Mit dem Erfolg gegen Zürisee setzten die Limmattaler ein Ausrufezeichen in einer Saison, die für sie nicht ganz einfach begonnen hat. In der Sommerpause mussten sie den Abgang einiger torgefährlicher Spieler verkraften. «Nach dem Umbruch im Sommer war es die grösste Herausforderung für uns, die neuen Spieler zu integrieren», sagte Ladner. «Wir hatten aber auch einige Verletzte. Zum Glück sind alle Leistungsträger zurückgekehrt.» Hinzu kommt, dass sie nach wie vor ohne Trainer antreten. Ein Spielerrat übernimmt jeweils das Coaching. Auch das sei am Anfang nicht ganz einfach gewesen, so Ladner. «Wir haben aber dazugelernt und sind jetzt auf einem guten Weg.»

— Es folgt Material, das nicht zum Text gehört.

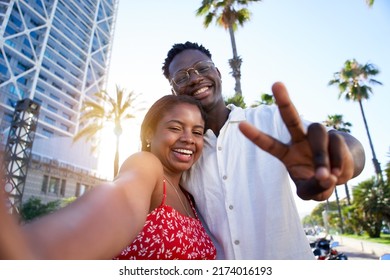 Selfie of a young black couple looking at camera smiling. Concept of vacation and relationship. African American couple having fun enjoying holidays - Powered by Shutterstock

Und wohin führt dieser Weg? «Für uns wäre es das Ziel, die Playoffs zu erreichen und damit die Liga zu halten», so Ladner. Zum Vergleich: Im vergangenen Jahr wollten die Limmattaler mindestens Rang 4 belegen, um in den Playoffs Heimvorteil zu haben – was sie dann auch schafften. «Natürlich wollen wir so weit wie oben stehen», so Ladner. «Aber das Wichtigste ist, dass wir die Liga halten können.»